NYC Mayor Celebrates Italian Roots at Gran Fondo Expo

Thousands of cyclists from over 70 countries are coming to New York for the Gran Fondo New York (GFNY) race on Sunday.
NYC Mayor Celebrates Italian Roots at Gran Fondo Expo
Mayor Bill de Blasio at the launch of the fourth annual Gran Forno New York launch expo, at the 69th Regiment Armory in Manhattan, May 16, 2014. Catherine Yang/Epoch Times
Catherine Yang
Updated:

NEW YORK—Thousands of cyclists from over 70 countries are coming to New York for the Gran Fondo New York (GFNY) race on Sunday.

“[It’s] a celebration of cycling, a celebration of New York, an extraordinary international event,” said mayor Bill de Blasio Friday at the GFNY expo, which lasts through Saturday, marking the fourth year the premier cycling competition has been held in New York City.

“For something that’s only been created in the last few years, it’s caught fire.
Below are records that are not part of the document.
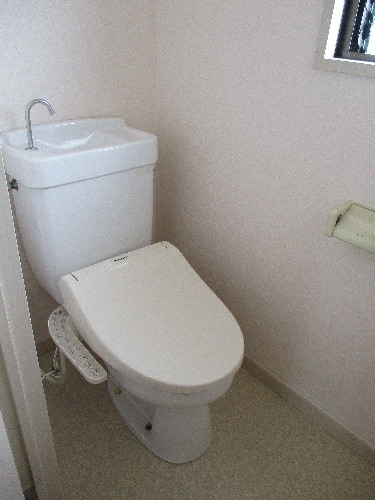 トイレ　温水洗浄機能付きトイレ窓有り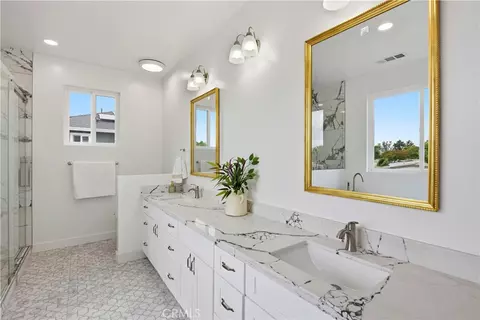 Bath - 604 Nomad Ct, Hayward, CA 94544 photo 4 of 8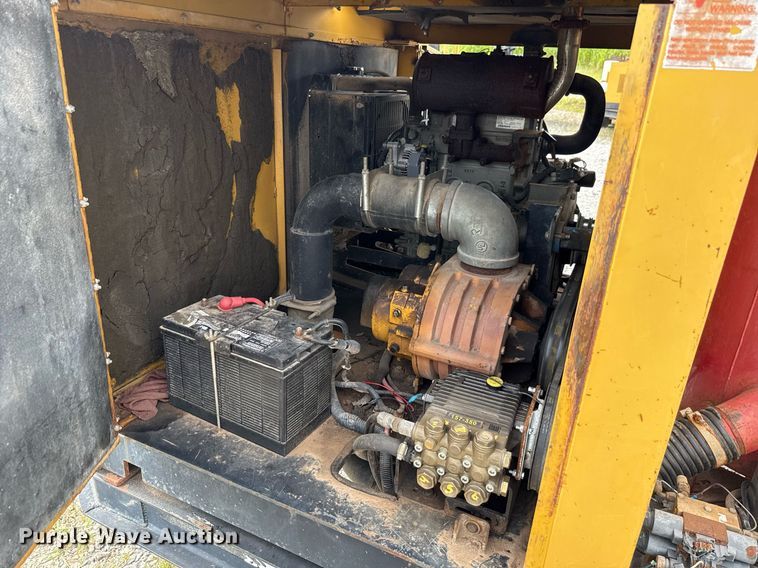 image for item HI9283 Vermeer LP555DT vacuum excavator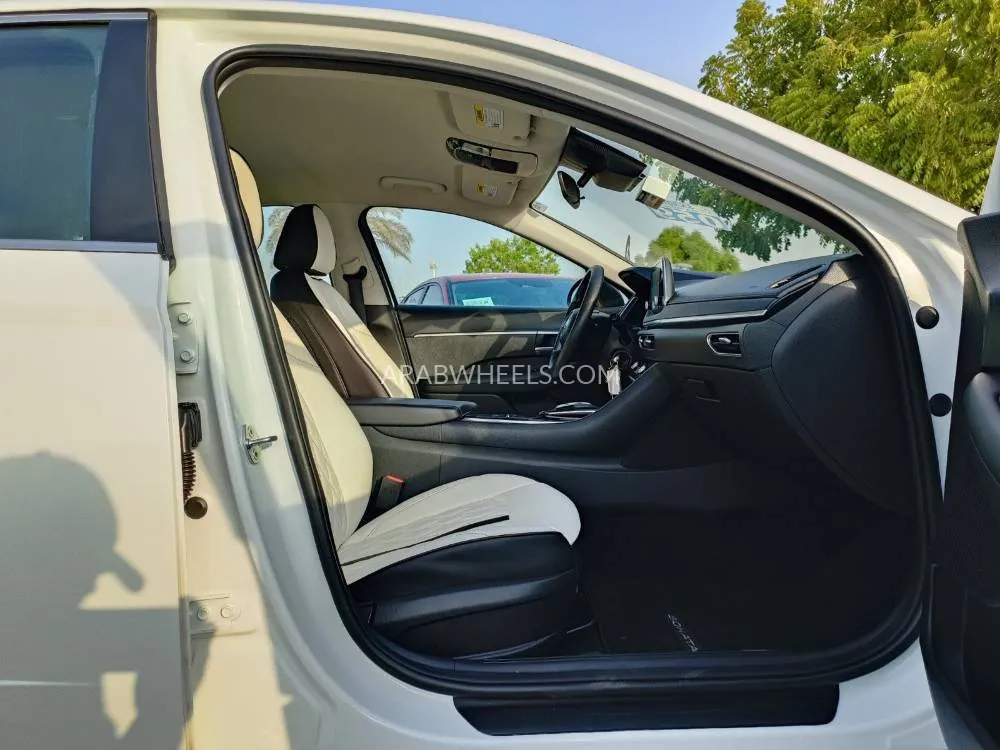 Hyundai Sonata 2020 for Sale in Dubai Image-15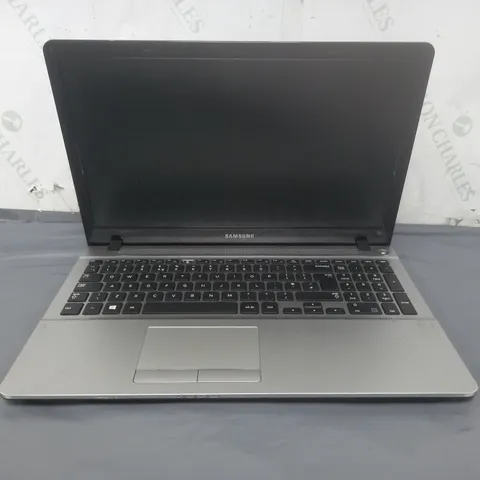 SAMSUNG 370R4E/370R4V/370R5E/3570RE/370R5V 15 INCH I3-3110M 2.40GHZ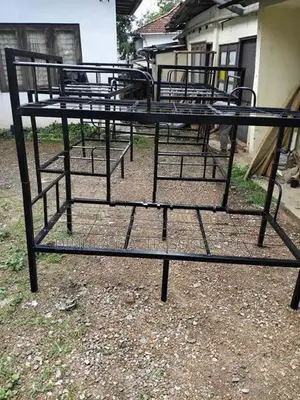 Steel bed 6ft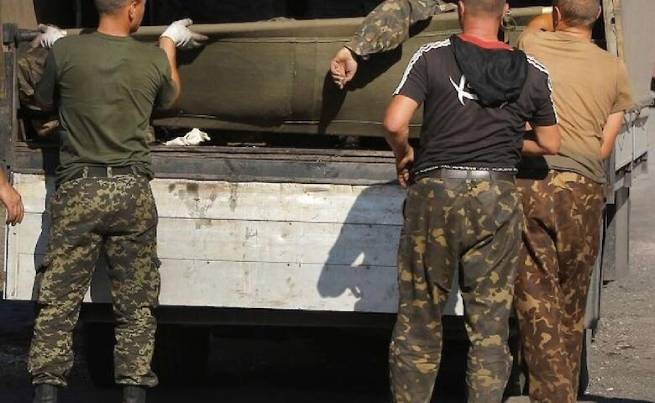 Украина и Россия впервые обменялись телами погибших военных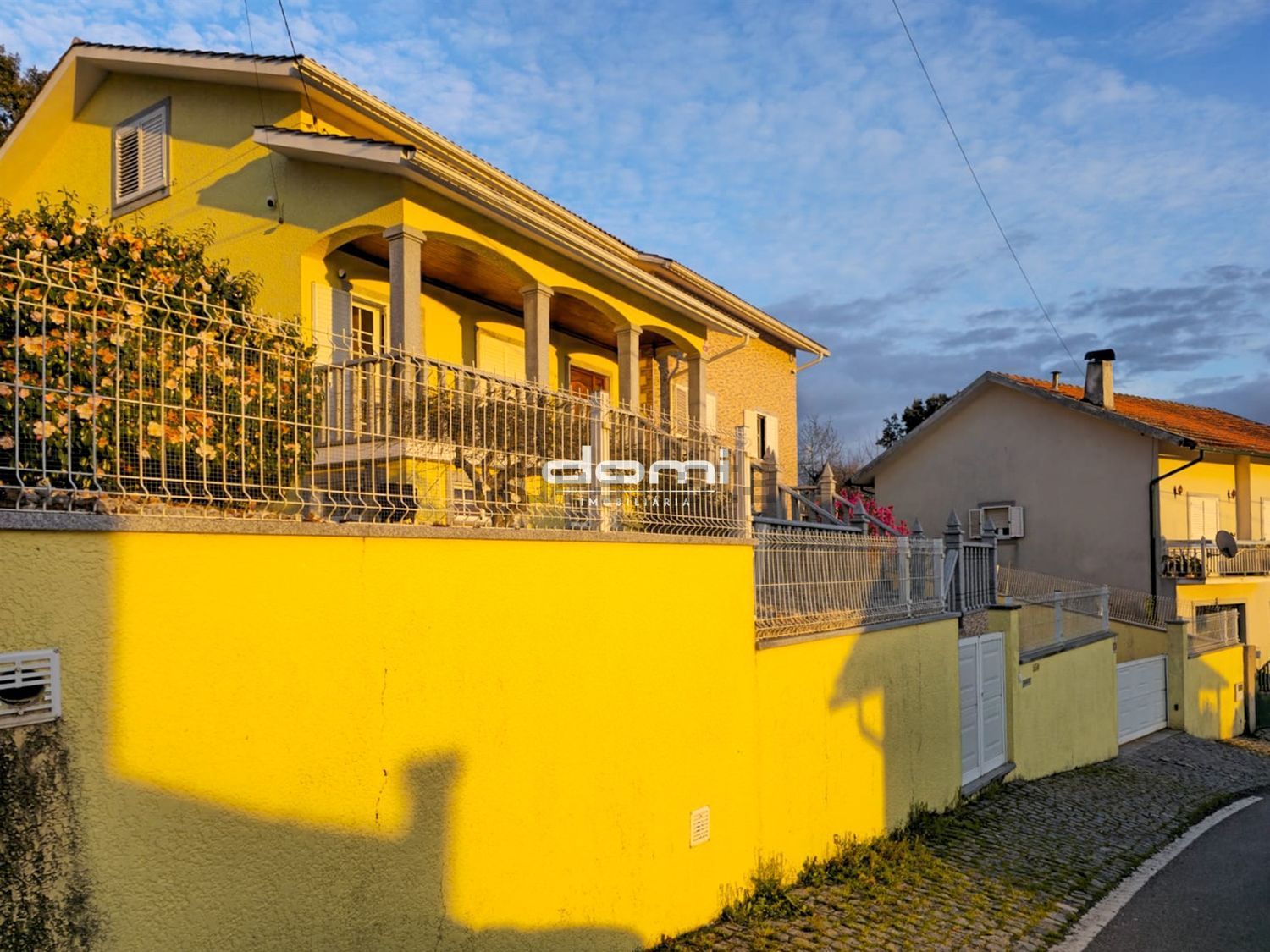 小楼房或独栋别墅出售在São Pedro do Sul - Várzea - Baiões - 露台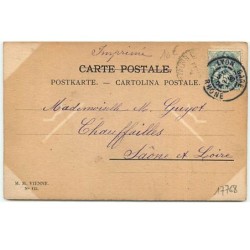 n°17768 - MM Vienne n°145 - Evans Linton - Cavaliers et chiens d'une meute sur une place dans un village
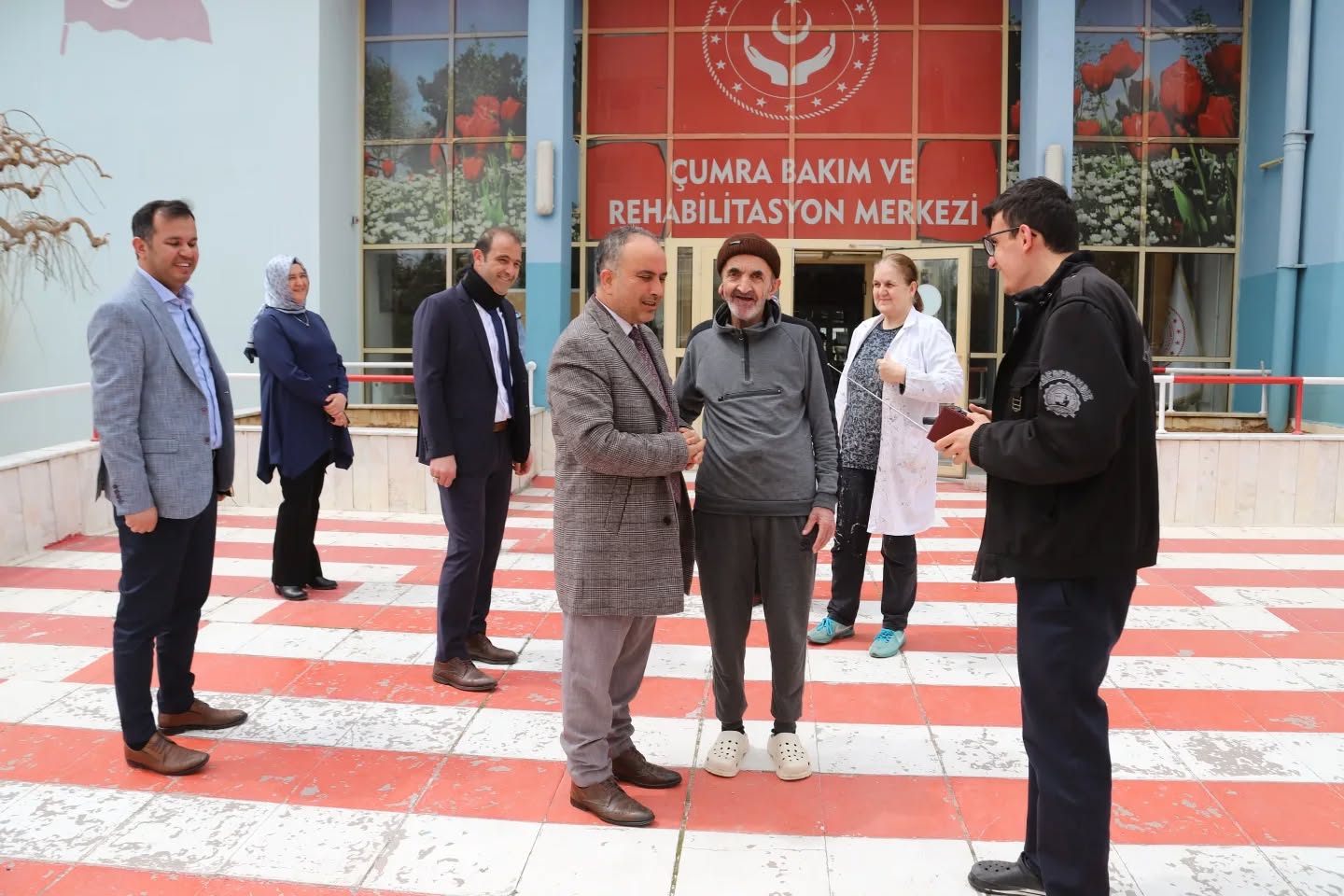 İl Müdürümüz Sayın Arif Topal ve İl Müdür Yardımcımız Sayın Erkan Demir, İl Müdürlüğümüze Bağlı Çumra Bakım, Rehabilitasyon ve Aile Danışma Merkezi Müdürlüğü’nü Ziyaret Etti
And that is a classic example of the creativity and the entreprenuership and the spark that comes with New York City,” de Blasio said. “This is a wonderful New York story.”

The New York race was created four years ago by Ulrich Fluhme and his wife Lidia. A gran forno is a mass participation cycling event popular in Europe, and this weekend, close to 4,000 cyclists will participate in the city. Coincidentally, it’s Bike to Work day in New York.

Fluhme’s father was a cyclist, and at 14 Fulhme started taking up the sport as well. “And I never stopped,” he said. The event symbolizes his two loves of cycling and New York City.

“I love the speed of a bike—if you’re walking or running it’s too slow, if you’re driving it’s too fast,” Fluhme said. “Bikind is the ideal speed tot take in everything.”

And in New York, Fluhme said, you can get out of the city surprisingly quickly across the George Washington Bridge, and to a bike trail. It’s the standard route for cyclists in the city, and with some tweaks, it’s the race route as well.

Cycling is a social sport, and gran fornos even more so. “We love Gran Forno cycling and we love New York City, so we put the two things together,” Fluhme said. “I like the diversity. I like that there’s the possibility for almost everything. I like to be with people from all over the world.”

“That culture, that dynamic--[the city’s] really never sleeping,” Fluhme said.

Participants agreed.

“It’s so alive,” Australian Shane Morrissey said of the city. Morrissey has been cycling for five years and will be participating in GFNY for the first time this year. “I love the speed, the action, the adrenaline.”